But under this standard, the USPS could also discontinue the delivery of “inessential” packages or mail that is unprofitable; the task force calls it “exit[ing] the business line.” Post offices that are costly to maintain could be closed more quickly; the task force wants to give the USPS more “flexibility” in this area. “Speed of processing” mail could be slowed. Saturday delivery could even be stopped.

The task force writes that it “strongly believes that any potential solutions considered should not disadvantage those living in rural or remote locations,” but it seems clear that this would be the effective result of degrading the universal service obligation.

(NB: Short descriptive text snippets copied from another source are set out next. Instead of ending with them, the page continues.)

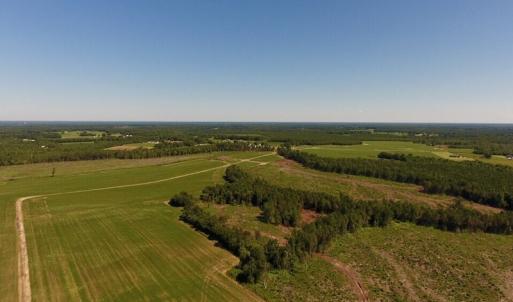 Photo of UNDER CONTRACT!  165 Acres of Farm and Hunting Land For Sale in Suffolk VA!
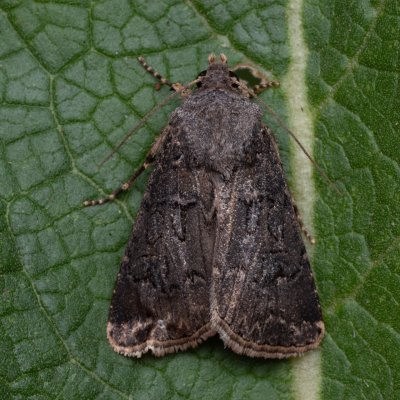 Agrotis bigramma (osenice širokřídlá), NPP Váté písky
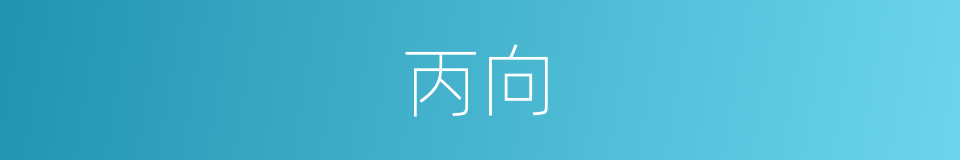丙向的意思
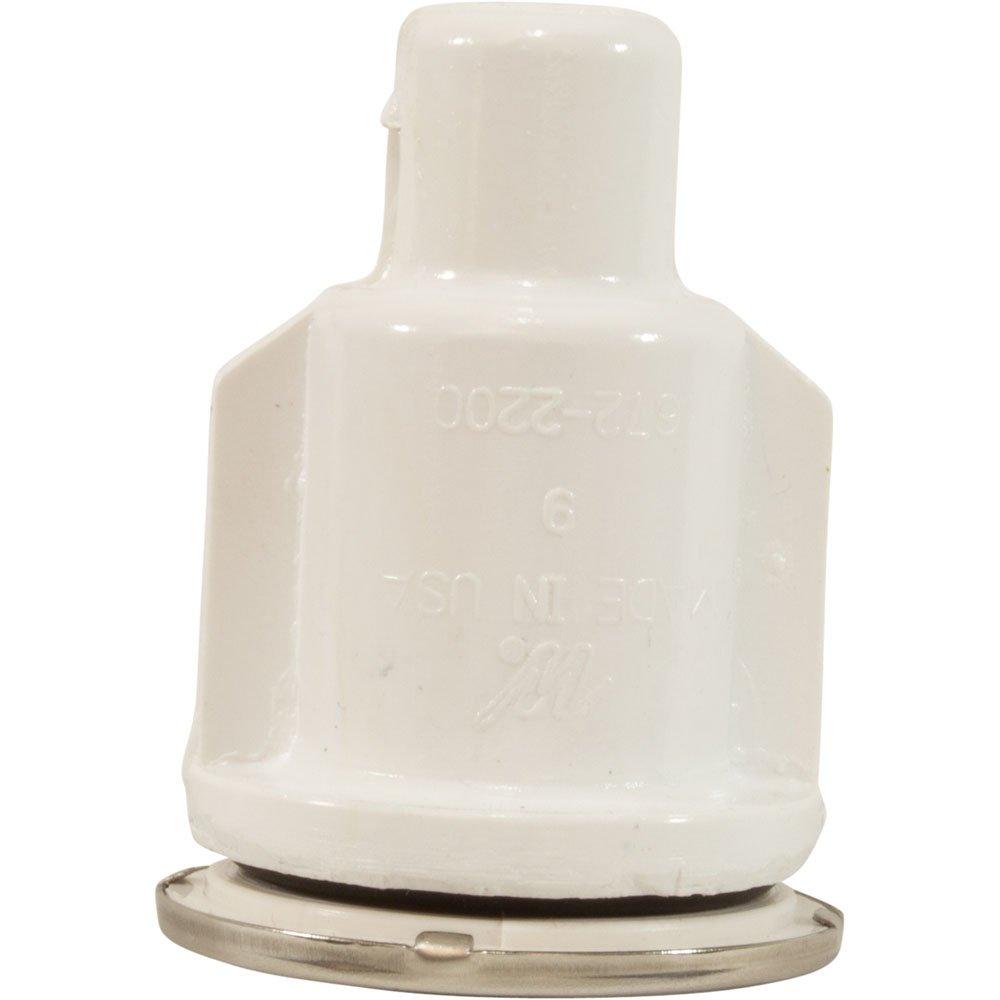 Waterway  Ozone Air Injector 3/8in Barbed Body SS Escutcheon
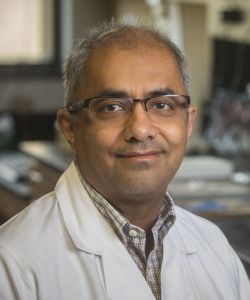 Raman, Chander, Ph.D.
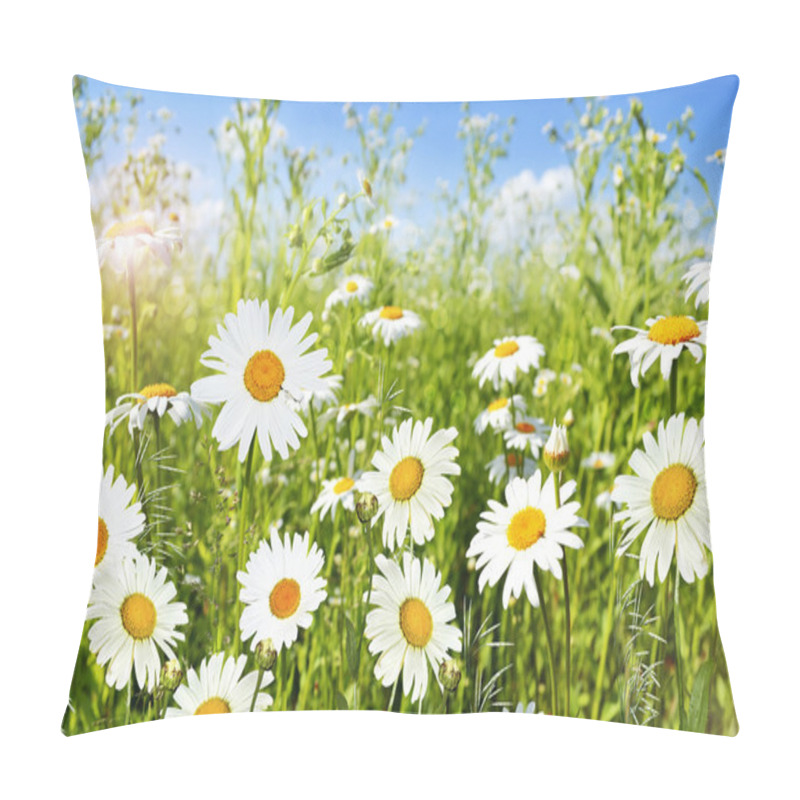 Personality  Wildflowers daisies pillow covers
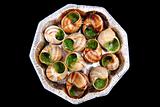 snails with herb butter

Not only would poorer postal customers in rural America bear the brunt of higher rates and slower service on “inessential” deliveries, and less profitable rural post offices targeted for closure, but rural America would also likely be singled out for extra costs. We have the experience of FedEx, which adds a “Delivery Area Surcharge” to harder-to-reach zip codes. The task force report represents a gateway for USPS to do the same thing. To discriminate based on geographic location would grossly undermine the USPS mission to connect all Americans.

The task force’s discussion of how the USPS can raise revenue is likewise wrongheaded. Recommendations include having the agency charge rival shippers for access to post office boxes, and selling hunting and fishing licenses. But it drew the line at postal banking, a proposal for the USPS to give all citizens access to simple bank accounts. “Expanding into sectors where the USPS does not have a comparative advantage or where balance sheet risk might arise, such as postal banking, should not be pursued,” the task force states.

Access to the financial system for the millions of people without a bank account also fits squarely within the USPS mission. The comparative advantage is clear in the breadth of USPS infrastructure, with over 31,000 locations nationwide. This is why the USPS did, in fact, provide simple bank accounts from 1911-1967, and why postal agencies in dozens of countries around the world do so as well.

The task force’s report may not call for outright privatization, but it embraces its logic by prioritizing cost-cutting—even calling for the elimination of collective bargaining for the USPS’ unionized workforce. But that’s not why the country established the Postal Service. It did so to build a cohesive, successful country in which Americans have fair and equal access to each other. Instead of figuring out how to live up to this commitment, the task force would rather undermine it.